One good way to understand and apply this verse is to put it in the first person and use it as a job description: “There is nothing better than to be joyful and to do good as long as I live, and to eat and drink and take pleasure in all my work — this is God’s gift to me.”
Be joyful and do good—a lot of good can come of that in our relationships and our work.
The Preacher tells us to be joyful. We may not always be happy about the way things are going in life, but we can always find joy in the grace of our God and the work he has given us to do. No matter how bad our circumstances may be–whether through the natural hardships of life or the harm done to us by others or the painful consequences of our own rebellious sin–in every situation there is always a way for us to glorify God, and this should give us joy. (Philip Graham Ryken, Preaching the Word: Ecclesiastes, 94)
The Preacher also tells us to “do good” — a phrase that should be taken in its moral and ethical sense. To “do good” is to do good works.
We are not saved by good works, of course, but we are saved for good works.
In his grace, God has given every one of us something good to do for him. We do not work because we have nothing better to do, but because God has called us to work for him. We can apply this at home, at school, at work and at church.

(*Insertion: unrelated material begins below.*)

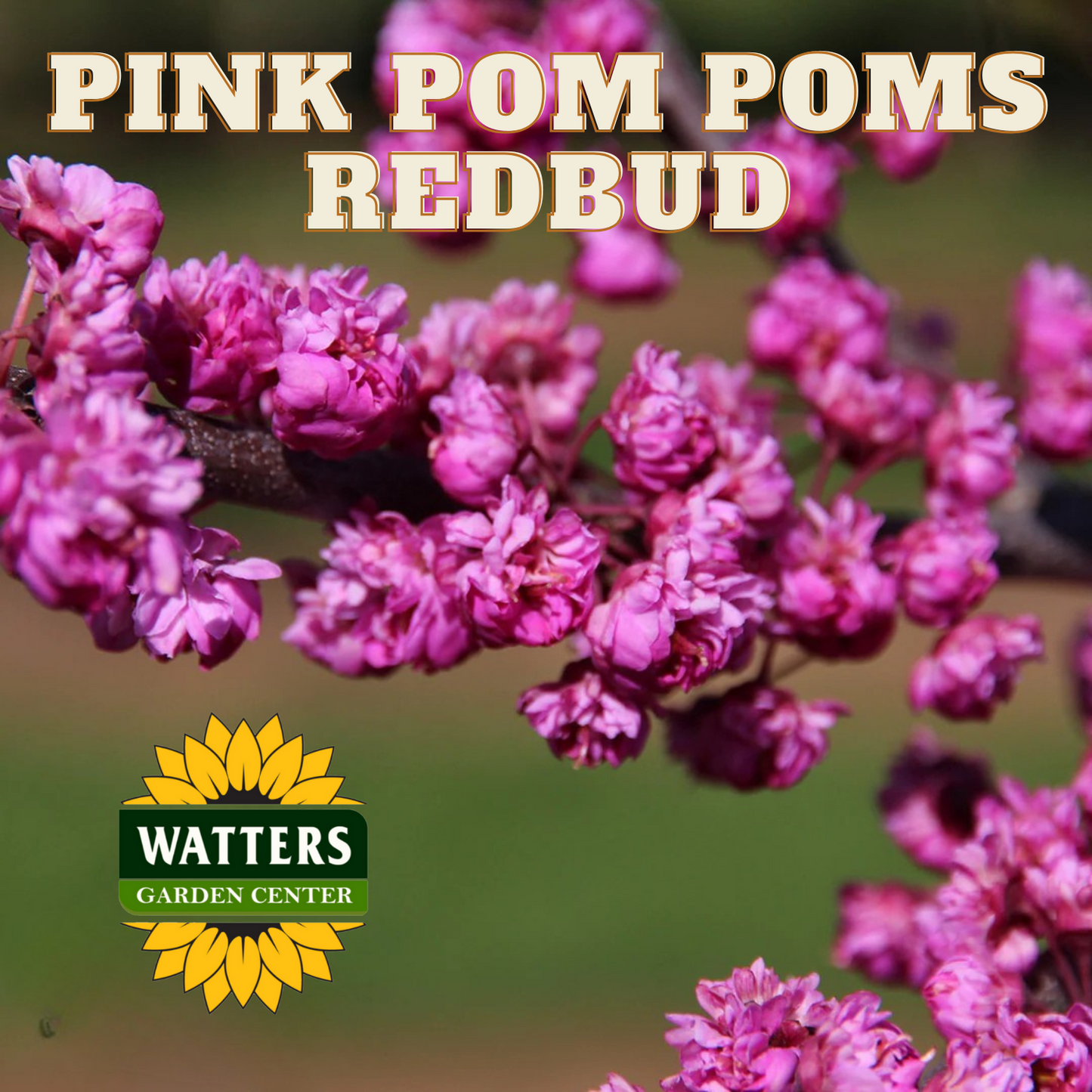 PINK POM POM REDBUD TREE 10gal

We should do all these things as long as we live, working right to the end of our lives. When the Preacher says “as long as they live,” he is remembering what he said back in verse 2, namely, that there is a time for us to die.
As we do good work in our generation, the Preacher gives us permission to celebrate the good things of life — eating and drinking and enjoying the pleasures that God has made for us to enjoy. Of course, it is always a temptation for us to live for earthly pleasure, serving our appetites instead of serving Jesus (see Romans 16:18). The good things in life so easily become our gods, which is absolute vanity, as the Preacher has already told us (see Ecclesiastes 2:1ff.).
But the way to resist this temptation is not by avoiding everything. Rather, we avoid idolatry by gratefully receiving the good things of life as blessings from God. Do not be a user and a taker; be a receiver and a thanker. This is all part of offering back to God what he has given to us in joyful service, while we have the time.
The other thing that the Preacher tells us to do — his second insight — is to let God be God, reverently accepting his sovereignty over time and eternity. He said, “I perceived that whatever God does endures forever; nothing can be added to it, nor anything taken from it. God has done it, so that people fear before him. That which is, already has been; and God seeks what has been driven away” (Ecclesiastes 3:14–15).
When he says, “whatever God does,” the Preacher may be thinking back to the beginning of the chapter, when he said that there is “a season . . . for everything . . . and a time for every matter under heaven” (Ecclesiastes 3:1). “Whatever God does” includes everything that God does, at whatever time he does it. He is sovereign over the times and the seasons. Whatever he does will endure: no one can add to it or subtract from it — now until forever.
Notice that the purpose of God’s works, both his timing and his ways, is designed “so that people fear before him.” This fear is “the beginning of wisdom (Proverbs 9:10) and will be Solomon’s final conclusion in Ecclesiastes 12:13.
To fear God doesn’t mean to cower before Him and want to hide from Him, but to desire above all things to please Him.
Martin Luther said, “This is what it means to fear God: to have God in view, to know that He looks at all our works, and to acknowledge Him as the Author of all things” (Martin Luther, “Notes on Ecclesiastes,” in Luther’s Works , trans. and ed. Jaroslav Pelikan, 56 vols. (St. Louis: Concordia, 1972), 15:55).
The fear of the Lord is not only the beginning of wisdom, but also the beginning of joy, of contentment, of an energetic and purposeful life. The things that are outside our control should not cause us to despair but to hope in God, who is sovereign over everything that happens.